Q. Last Tuesday, President Biden said an emphatic “no” to a visit to the White House by PM Netanyahu “in the near term”. He pointed to the judicial reform issue, noted his hope for a “genuine compromise” and stated “they cannot continue down this road”. How bad is the crisis in US-Israel relations?

A. When an Israeli prime minister is pointedly non-invited to the White House and when a US president bases his anger in part on American Jewish opposition to Israeli policies (“They [the Netanyahu coalition] know the American Jewish position”), there is indeed a crisis in relations. Right now, with regard to democracy the US-Israel relationship is not based on “shared values”. A Biden administration official added that the Netanyahu government had made a ”gross miscalculation” with regard to the US reaction to the judicial legislation.

Nor is the problem confined to the Netanyahu government’s anti-democratic drive to radically reduce the authority and clout of Israel’s judicial branch. The Knesset vote earlier in March to permit Israelis to return to the ruins of four settlements in the northern West Bank that were abandoned, along with the Gaza settlements, in 2005, was cited by the State Department as a direct and “provocative” violation of an Israeli commitment and of US policy.

The administration was also reportedly furious after Netanyahu’s extreme-right son Yair tweeted that the US State Department was conspiring to topple his father’s government through CIA financing of mass anti-Netanyahu demonstrations--a libel reportedly endorsed by the prime minister in a briefing to Israeli journalists. Nor did it help to fire Defense Minister Yoav Galant for calling openly to suspend judicial legislation because it had come to constitute “a clear and tangible danger to national security”. Galant is practically the only minister in Netanyahu’s extremist government that the administration believes it can work with.

Netanyahu was clearly taken aback by Biden’s remarks. After all, the prime minister had just temporarily suspended judicial reform legislation and was reassured by US Ambassador Tom Nides’s statement that “I’m sure he’ll be coming [to Washington] relatively soon”. Nor, apparently, was Galant really fired.

Clearly Biden, like the Israeli opposition which continues to demonstrate all-out, has become convinced that Netanyahu’s temporary suspension of legislation does not represent a sincere rethinking of the Israeli government’s judicial reform agenda. At the coalition-opposition negotiations taking place at President Herzog’s official residence, the Netanyahu government representatives are reportedly stalling for time until judicial reform legislation can be resumed in May.

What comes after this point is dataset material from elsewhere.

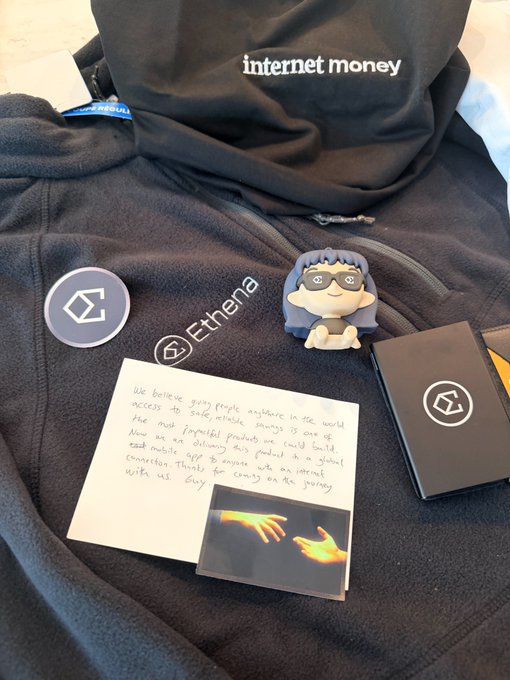 A collection of Ethena and "internet money" branded merchandise, including a black hoodie, stickers, a badge with a masked character, and a handwritten note alongside a "Creation of Adam" hands printout, visually reflects Ethena's mission of providing global, internet-accessible savings as quoted in the post.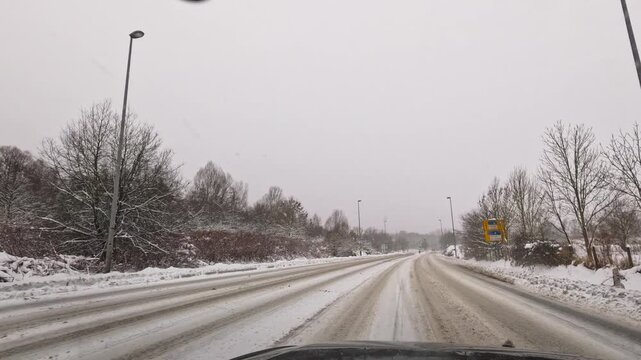 Footage of a wintery car drive on snow-covered roads in Hamburg and the surrounding area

Perhaps of greater significance, the Biden-Netanyahu confrontation serves as an indication that something very fundamental is amiss in Israel’s understanding of America.

Q. Why? We have an American president and an Israeli prime minister who take pride in “over 40 years of friendship”.

A. Some Israelis, of the sort who tend to be outspoken and not nuanced, apparently don’t know how to read between the lines. Netanyahu and his emissary to America Ron Dermer, who purport to know the United States like the back of their hand, have been living in a bubble. When Biden points out that he has known Netanyahu for 40 years, he means he knows from experience what Bibi is capable of. He once inscribed a photo sent to Netanyahu, “Bibi, I don’t agree with a damn thing you say, but I love you.” That was a warning that under the best of circumstances this is a fragile relationship.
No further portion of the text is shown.